PBS is running a documentary called The Jewish Americans. I’m quite enthralled with it, since my Grandma’s parents were Eastern European Jewish immigrants who, as far as I can tell, left Moscow months before the Bolshevik Revolution. My Grandma married a Gentile and ceased to practice her faith. I don’t know, maybe she ceased to practice her faith long before she met my Grandpa. According to the PBS doc, many immigrant Jews found it easy to not practice their faith. But the lack of stories and information I have about that part of my ancestry might explain my fascination with all things Jewish, and the link I feel when learning about Jews.
My Nana’s grandparents were Danish converts to the LDS church, who immigrated to the U.S. They sailed across an ocean, trekked across a country, and raised a family in Utah. Interestingly, my Nana also married outside the faith in which she was raised, something my dad repeatedly warned me against, citing my Gramps’ eventual conversion as the exception, not the rule.

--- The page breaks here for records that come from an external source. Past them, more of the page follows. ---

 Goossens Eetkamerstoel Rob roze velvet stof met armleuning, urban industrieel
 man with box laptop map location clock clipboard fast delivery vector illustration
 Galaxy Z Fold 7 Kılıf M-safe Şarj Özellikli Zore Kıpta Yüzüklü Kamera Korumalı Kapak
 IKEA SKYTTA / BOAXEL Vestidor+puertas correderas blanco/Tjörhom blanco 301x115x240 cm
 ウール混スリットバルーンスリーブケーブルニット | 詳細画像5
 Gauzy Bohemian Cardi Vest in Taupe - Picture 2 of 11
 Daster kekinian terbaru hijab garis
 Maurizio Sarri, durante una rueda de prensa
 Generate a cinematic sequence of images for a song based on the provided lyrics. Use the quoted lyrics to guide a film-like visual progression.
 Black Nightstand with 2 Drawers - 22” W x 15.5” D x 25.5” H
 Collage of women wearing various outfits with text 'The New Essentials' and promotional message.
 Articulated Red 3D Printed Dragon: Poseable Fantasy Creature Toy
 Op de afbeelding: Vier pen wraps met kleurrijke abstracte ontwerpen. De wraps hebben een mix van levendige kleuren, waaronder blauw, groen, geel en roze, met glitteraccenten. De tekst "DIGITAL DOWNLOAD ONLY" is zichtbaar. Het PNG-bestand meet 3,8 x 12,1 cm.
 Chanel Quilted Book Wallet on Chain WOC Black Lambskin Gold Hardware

One Russian Jewish Grandma, one Danish Mormon Nana…I’m a Heinz 57 American, especially taking into account the paternal side of the equation. I guess all this is on my mind, as I’m reading Benedict Anderson’s Imagined Communities, which so far is all about how nationalism has been, over time, manufactured. I guess I can see his point, because as I watch the PBS documentary, I feel connected to my Grandma. But as I was watching 20/20 tonight, the segment on how Danes are one of the happiest people in the world, I felt connected to my Nana. Can I identify with more than one nationality? Perhaps that’s Anderson’s whole point–the community I feel via my Grandma and my Nana are imagined. Hmmm…I’m not so sure I agree with that.